Our clients use Ona to collect, analyze, and disseminate mission critical data. We have worked on both the data collection side as well as the platform side and understand the importance of knowing your data is stored safely and securely. Here we’ll talk about the specific technologies we use to secure our users’ data.
Whenever data is transmitted from one of our servers to a web browser, phone, or accessed via our application programming interface (API), we send it via HTTPS.
Specifically relating to data security, the highlights of the standards we incorporate are:
Encrypted server-client connections using TLS/HTTPS
A+ certified server-client TLS configuration, https://www.ssllabs.com/ssltest/analyze.html?d=ona.io
Encrypted at-rest database and encrypted database backups using AES-256
ISO 27001 security management certification via AWS data centers
To make sure that your data stays secure during events that we cannot anticipate, such as a hardware failure with our hosting provider, we create nightly replicas of our entire database.

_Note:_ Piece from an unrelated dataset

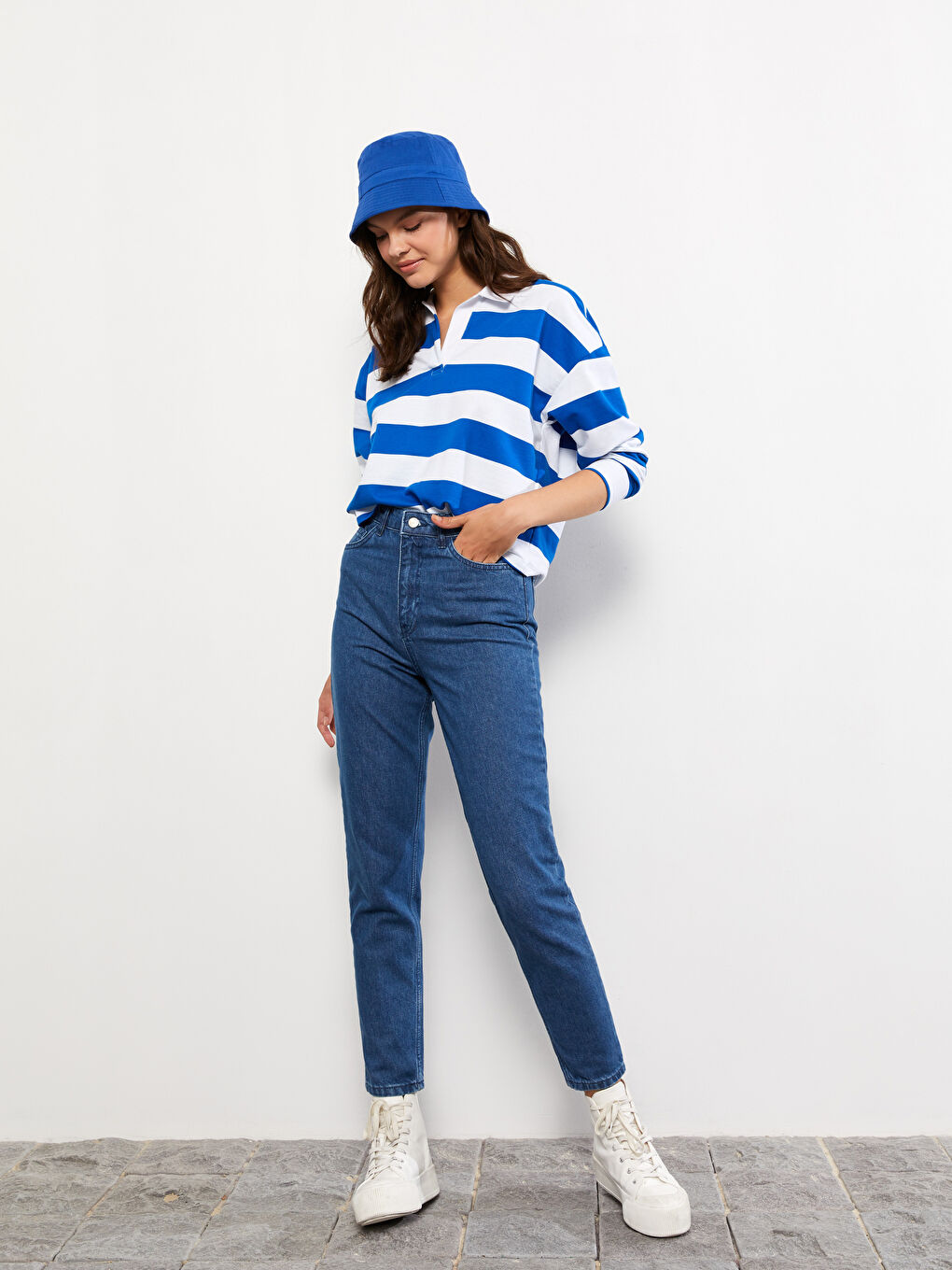 Women's High Waisted Mom Fit Regular Denim Trousers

This way, should the worst happen, we will be able to recover quickly and get back up and running with minimal data loss.
We take the privacy, confidentiality, and security of any data you submit or upload to Ona very seriously, because it is your data. You retain ownership of the data. We will never share or access your data, unless granted permission by you, in order to provide you with technical assistance.
Security is only effective when the user follow best practices. E.g. do not share passwords, do not write down passwords, and do not use public computers, but if unavoidable always log out of the site when finished using the site on public computers.
Ona also allows you to encrypt your forms with decryption only possible using ODK Briefcase and keys.